# Material provided
--------------------------------------------------

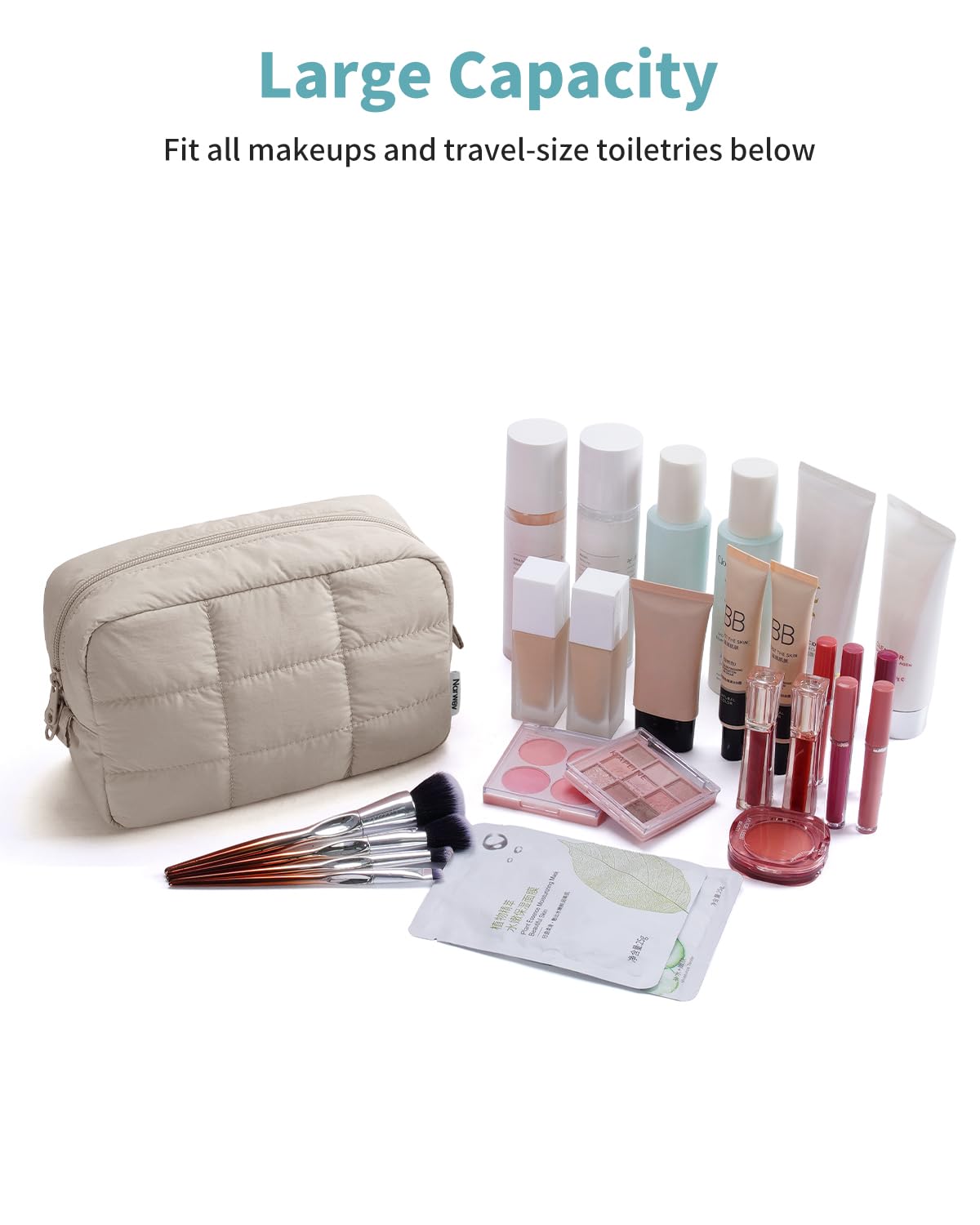 Narwey Quilted Makeup Bag for Women Girl, Puffer Travel Cosmetic Bag Puffy Make Up Bag Organizer, Cute Travel Toiletry Bag for Toiletries (Khaki)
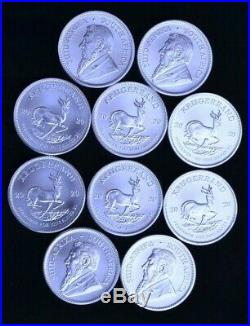 10 x 2020 South African Krugerrand Silver Coins BUNC 1 oz. Solid Silver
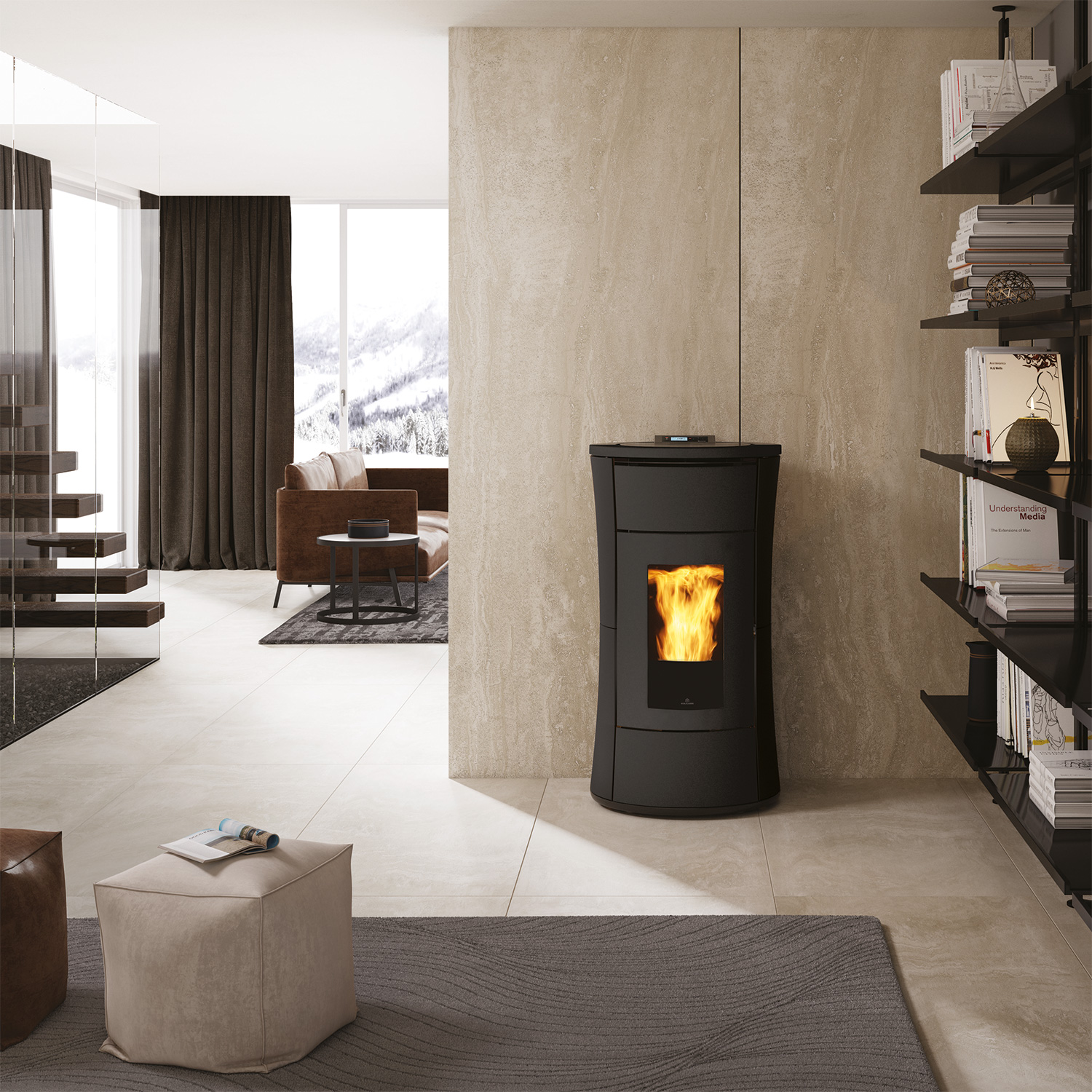 Edilkamin Cherie H 10 Evo poêle à granulés hydro acier gris foncé
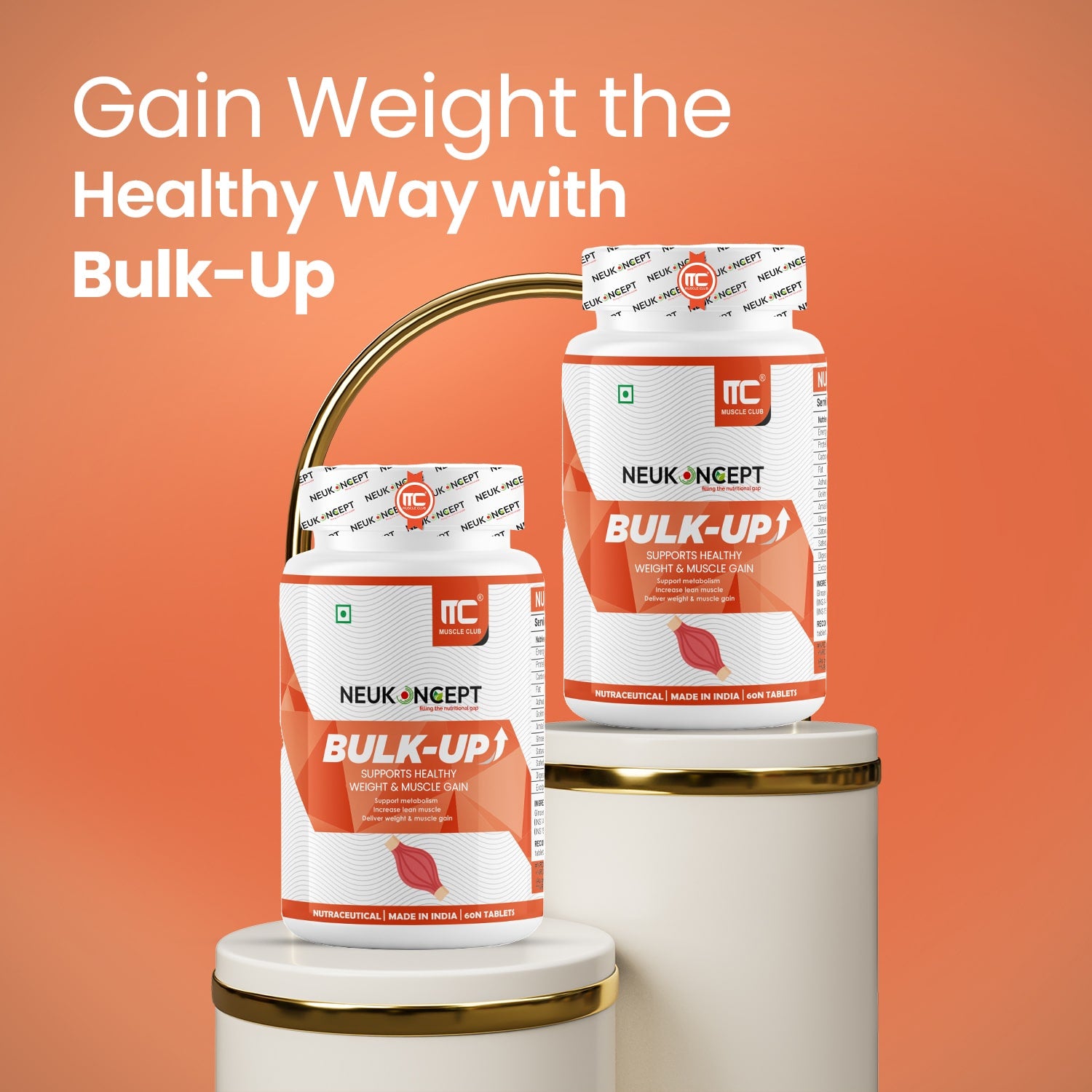 Bulk-Up: Herbal Weight Gain formula I Ayurvedic Weight Gainer I Helps Improving Digestion and Muscle Mass for Men & Women - Muscle Club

--------------------------------------------------

# Exercise
Nothing should appear in the answer except the lines from the first line of the data through the line holding "Edilkamin Cherie H", exactly as written, with pictures left out.

# Finished task
 Narwey Quilted Makeup Bag for Women Girl, Puffer Travel Cosmetic Bag Puffy Make Up Bag Organizer, Cute Travel Toiletry Bag for Toiletries (Khaki)
 10 x 2020 South African Krugerrand Silver Coins BUNC 1 oz. Solid Silver
 Edilkamin Cherie H 10 Evo poêle à granulés hydro acier gris foncé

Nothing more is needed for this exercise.